*** Opening Records provided ***

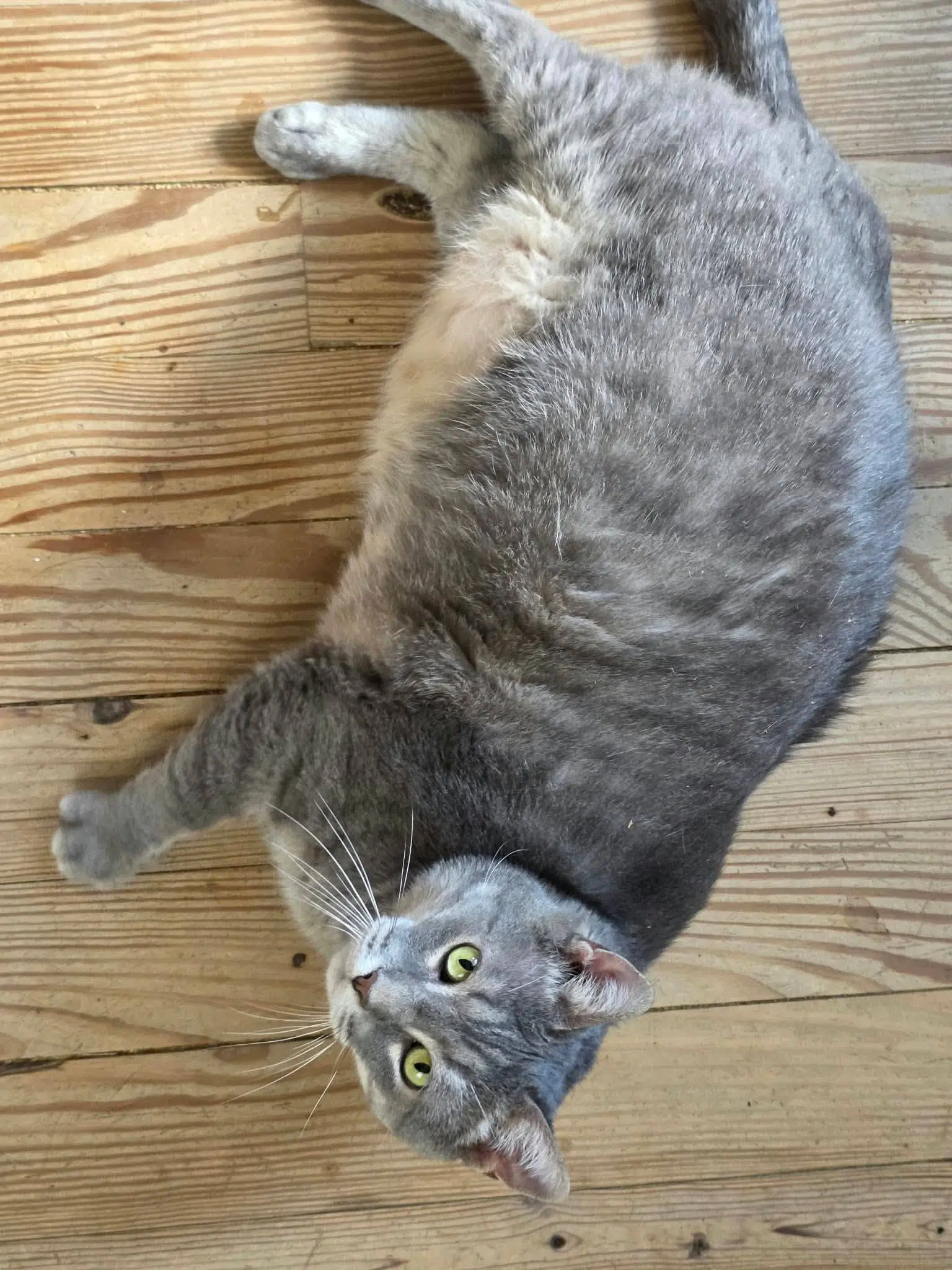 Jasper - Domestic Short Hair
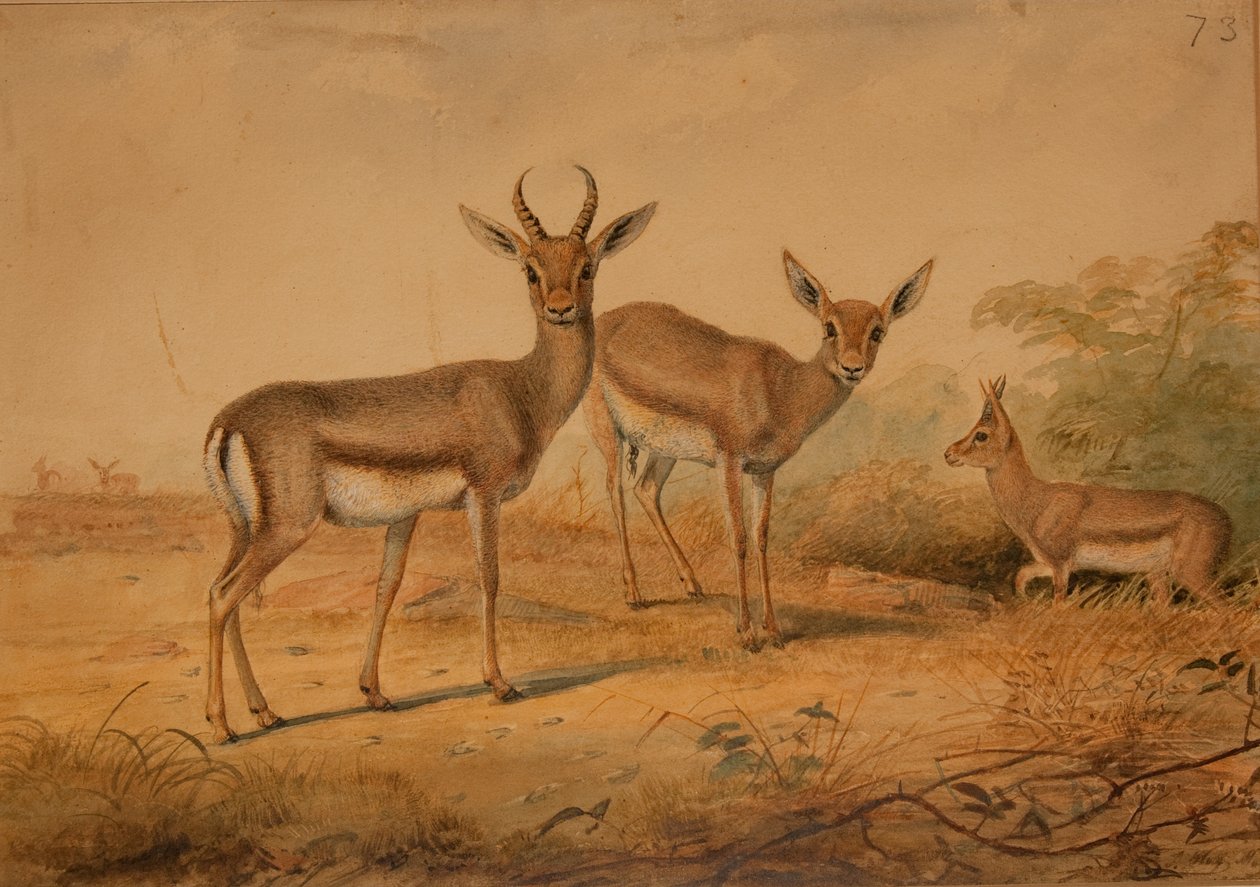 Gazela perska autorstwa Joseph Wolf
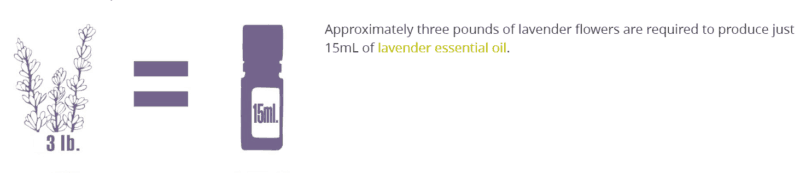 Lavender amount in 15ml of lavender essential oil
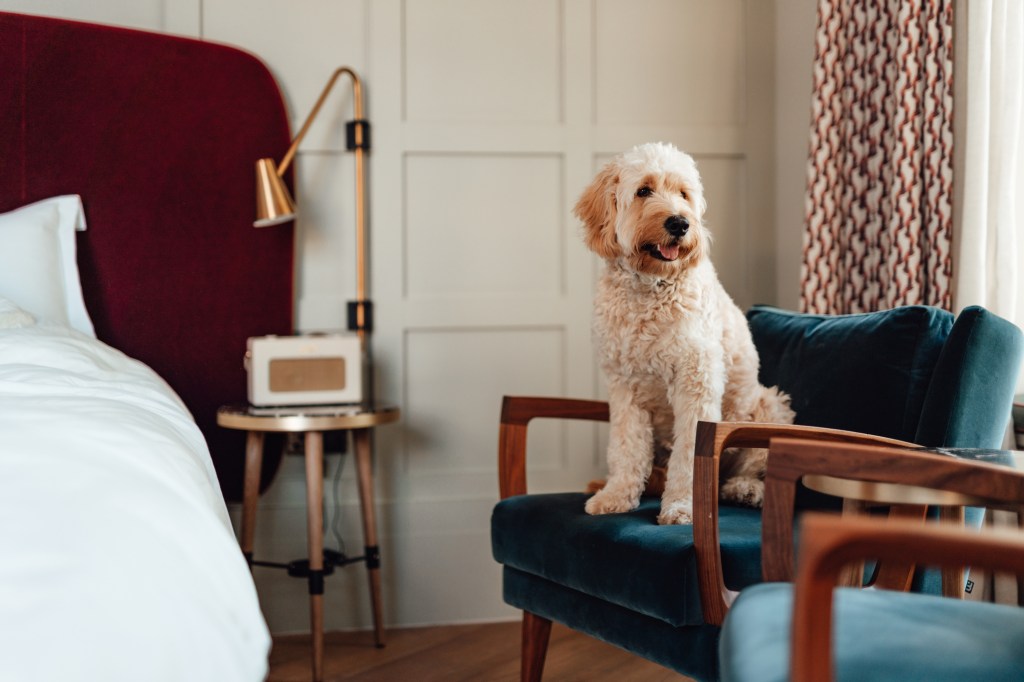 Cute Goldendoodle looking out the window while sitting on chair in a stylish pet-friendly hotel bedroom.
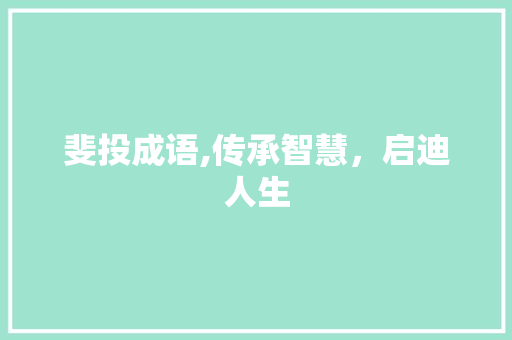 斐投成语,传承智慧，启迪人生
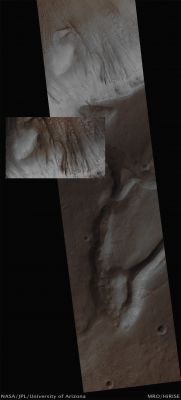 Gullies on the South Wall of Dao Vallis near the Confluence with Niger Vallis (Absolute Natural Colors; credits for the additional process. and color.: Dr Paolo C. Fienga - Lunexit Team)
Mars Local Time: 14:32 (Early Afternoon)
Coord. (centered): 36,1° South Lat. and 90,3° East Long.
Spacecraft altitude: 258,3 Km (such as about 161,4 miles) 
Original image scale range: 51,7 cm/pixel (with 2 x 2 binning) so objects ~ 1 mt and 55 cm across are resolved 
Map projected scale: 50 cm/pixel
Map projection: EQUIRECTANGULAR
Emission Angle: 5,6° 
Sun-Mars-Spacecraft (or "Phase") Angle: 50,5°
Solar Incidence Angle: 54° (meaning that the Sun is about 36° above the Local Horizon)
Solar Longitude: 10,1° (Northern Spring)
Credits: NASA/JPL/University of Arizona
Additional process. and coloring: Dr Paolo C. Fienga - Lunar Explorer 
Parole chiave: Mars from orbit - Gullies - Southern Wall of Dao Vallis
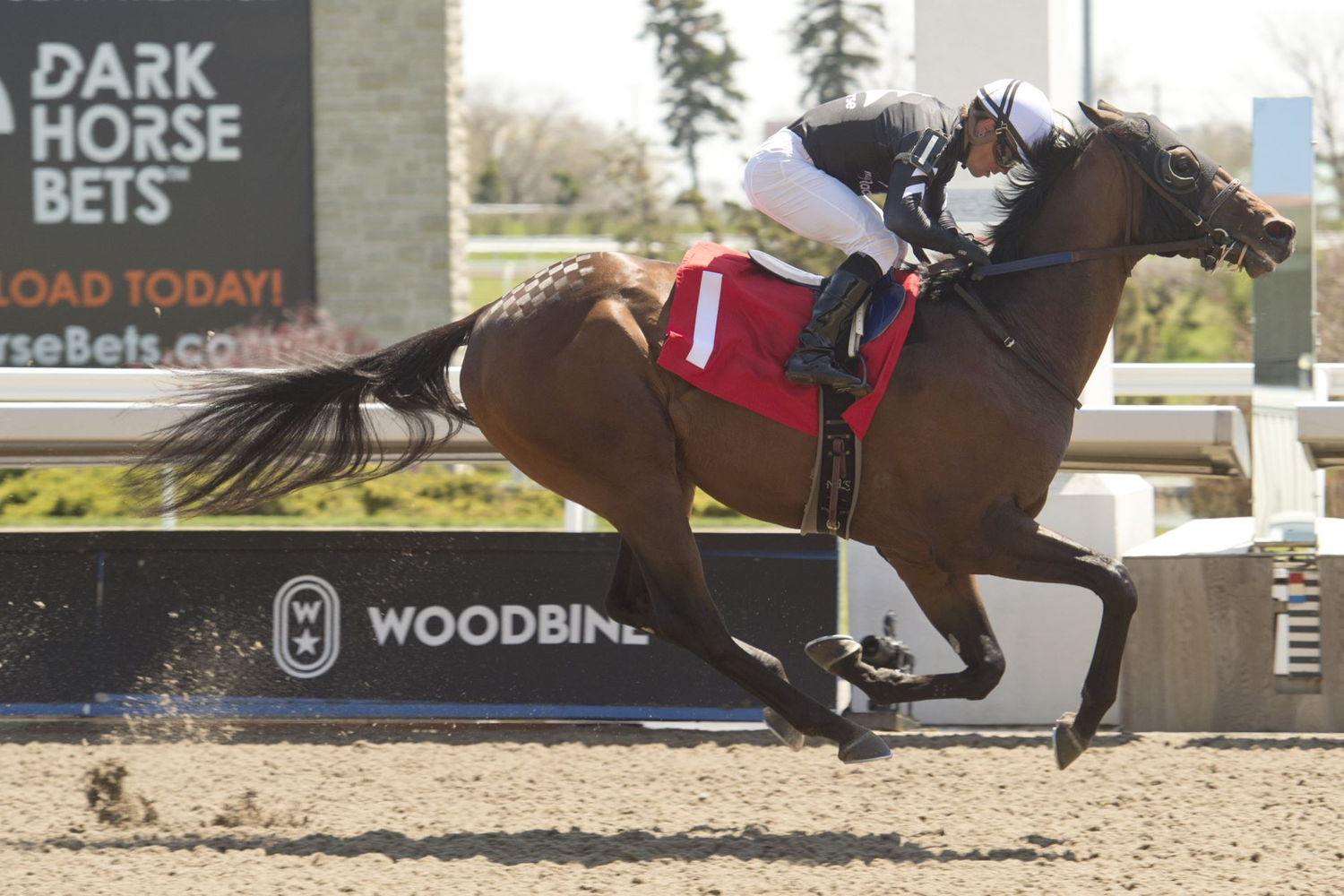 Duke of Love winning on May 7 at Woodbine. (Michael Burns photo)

*** Closing Records provided ***

The problem: In the entries above, find every line with the word "pixel" and list it.

Reply to the task:
Original image scale range: 51,7 cm/pixel (with 2 x 2 binning) so objects ~ 1 mt and 55 cm across are resolved 
Map projected scale: 50 cm/pixel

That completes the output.